Problem statement: All records below are to be set down precisely as written, excluding pictures.

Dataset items
────────────────

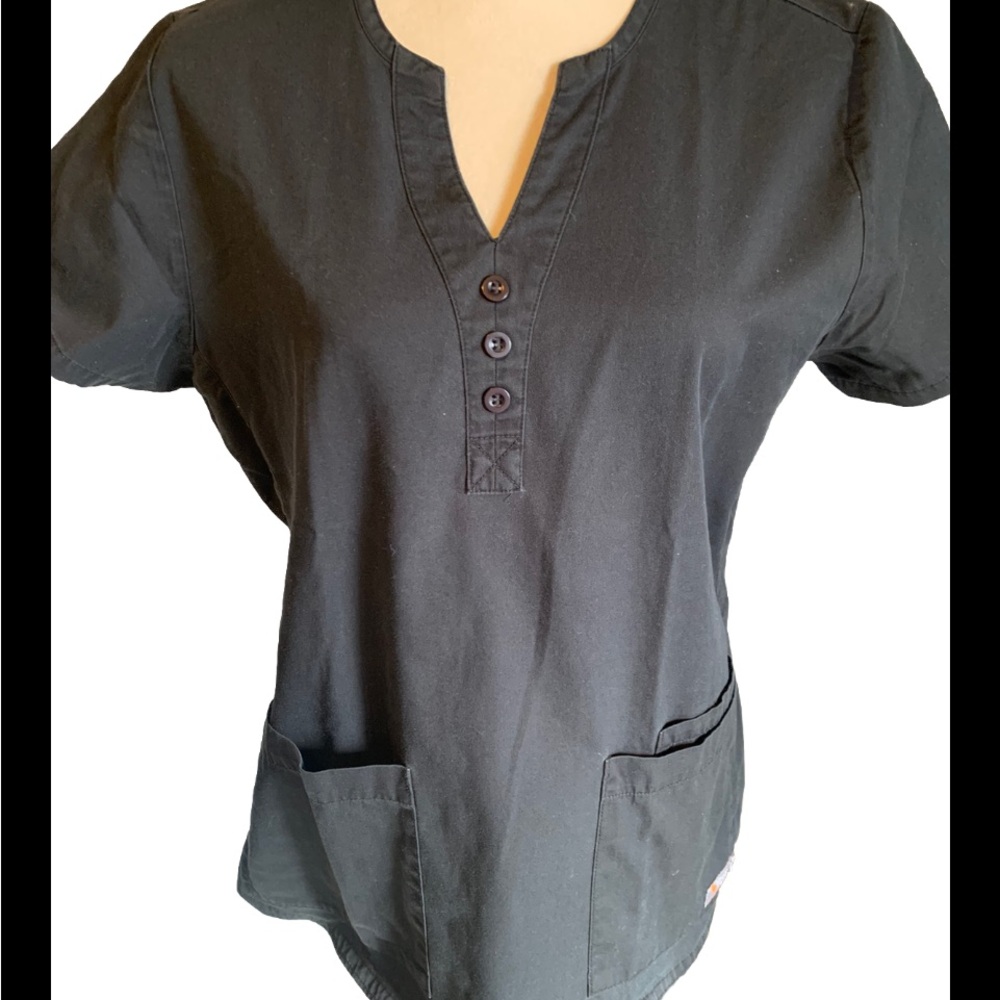 C by Barco Scrub Top Black Decorative Buttons Neckline Size Medium
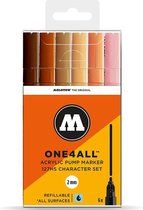 Molotow acryl stiften set - ONE4ALL 2 mm Karakter set - 6 kleuren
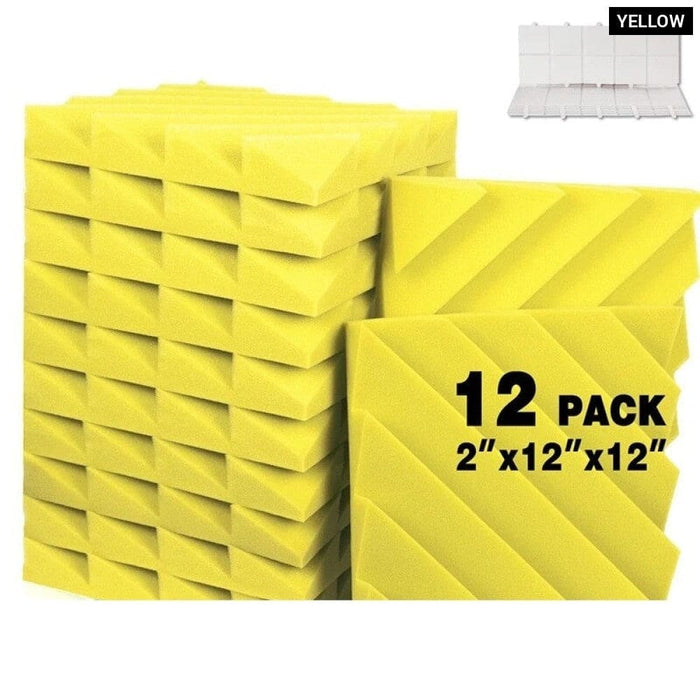 Acoustic Foam Panels 12 Pcs White Studio Diamond Groove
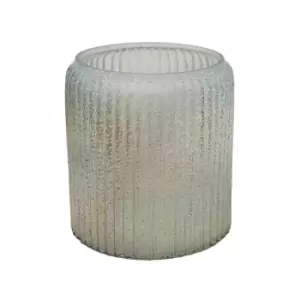 image of Ivyline Verre Frosted Ribbed Glass Gold Planter H14cm W15cm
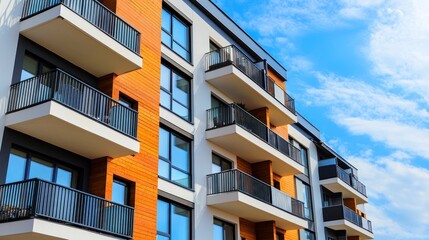A modern apartment building with wooden balconies and glass windows against a blue sky with white clouds.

────────────────

Solution to the exercise:
 C by Barco Scrub Top Black Decorative Buttons Neckline Size Medium
 Molotow acryl stiften set - ONE4ALL 2 mm Karakter set - 6 kleuren
 Acoustic Foam Panels 12 Pcs White Studio Diamond Groove
 image of Ivyline Verre Frosted Ribbed Glass Gold Planter H14cm W15cm
A modern apartment building with wooden balconies and glass windows against a blue sky with white clouds.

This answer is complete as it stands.